Thursday, November 13, 2008

From Irvine, CA: ARM recasts are the next financial bomb waiting to go off.

Irvine Housing Blog: "The ARM Problem"

The biggest problem are not the resets themselves, but the recasts. Let me explain a recast. Many ARMs allow you to choose your monthly payment:
  1. A"fully amortizing" payment, which is a normal mortgage payment.
  2. An "interest only" payment, which holds the principal balance the same.
  3. A "minimum" payment, which is a portion of the interest. In this case, the remaining interest is capitalized into the principal balance.
  4. A "catch up" payment, an extra-principal payment which lets you catch up to the amortization schedule (you generally cannot exceed this with other extra-principal payments because of prepayment penalties).
If you make the fully amortizing payment, you are vulnerable to the rate increasing. But if it decreases, you are happy. And, otherwise, you have few surprises. But it's what happens to you if you use one of the other two options without the "catch up" that gets really ugly. If you haven't caught up to the amortization schedule by a certain point, usually 5 years into the mortgage, your payment schedule is recast so you will finish paying the mortgage off in the remaining term. This means all of your payments go way, way up. This can even happen to you if you pay the fully amortizing amount but the rate increased. A recast can also happen if your principal balance increases by more than a certain amount, typically 25%.

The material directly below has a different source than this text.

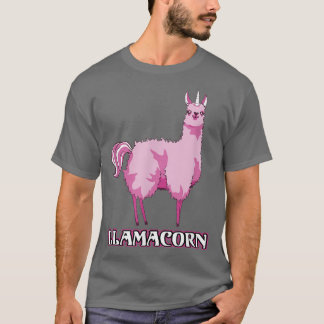Llamacorn Funny  Llama Unicorn Mi Fantasy Cute Gir T-Shirt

The purpose of these so-called "option" ARMs was to give people with highly variable income a chance to manage their payments. If you had bad cash flow, you could pay interest only or even less for a while and catch up later when you got a big windfall. But real-estate agents and bankers got the brain-dead notion that people could buy a house with an option ARM, pay the minimum, and then refinance into a fixed when the house "inevitably" appreciated 20%. For their part, people who really wanted to buy a house went along with it, much to their eventual sorrow.

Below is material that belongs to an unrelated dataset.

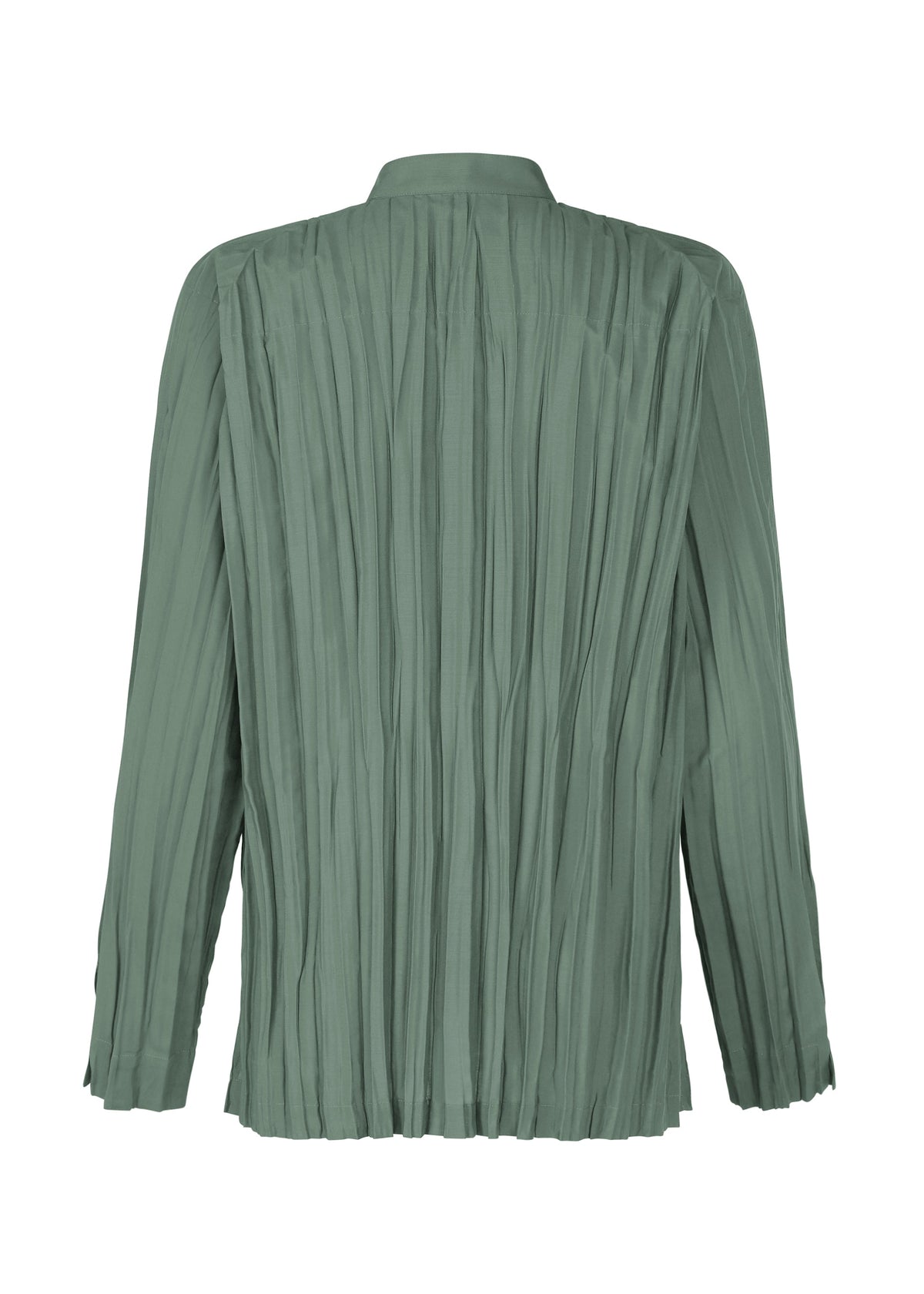 A detail shot of the IM Men WRINKLE SHIRT prêt à porter.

You'll also see in the blog post I have linked an example of $1.2M Irvine house that fell in value by a third, leaving an overleveraged borrower screaming for help from the government. That's freaking awesome. I mean, I have a lot of sympathy for average borrowers in average situations getting screwed in an average manner. Sure, let's help them out. But my patience is tried when someone who could clearly afford to rent a nice but not awesome place goes out on a limb for a fancy house, partially motivated by speculative greed, gets burned, and expects taxpayers (including me) to bail them out.

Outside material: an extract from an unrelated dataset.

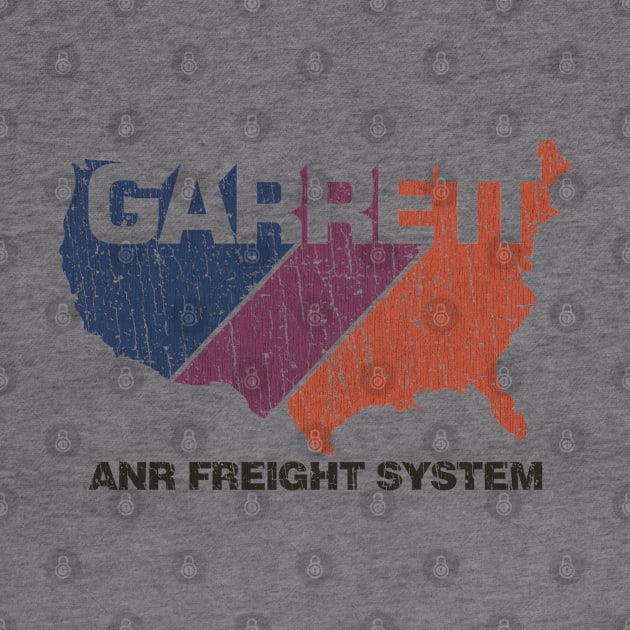 Garrett Freight Lines 1978 by JCD666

That's what frosts me most about the coming option ARM recast bullshit. I could get on board with helping an overextended Joe the Plumber (though not Joe the Plumber himself, because he's an asshole) not lose his modest starter home (which went for about $600,000 in Seattle a few years ago, but anyway). I mean, I could've probably barely afforded a house, but I stayed a renter because I thought it more responsible, and I knew the skyrocketing nonsense was not sustainable. And this is how I am rewarded for my discipline. My house is pretty nice, but I am going to have to dig deeper to keep all you yuppie scumbags in Bellevue and Redmond in your dream homes. That doesn't give me the warm happy happy.

I understand, though, that the alternative is worse, so sure, let's do it. But you numb nuts better not give me any lip next time I agitate for affordable housing in the Seattle area. We helped you; next it'll be your turn.

1 comment:

Melisande said...


60 minutes just did a story on this ARM the past Sunday.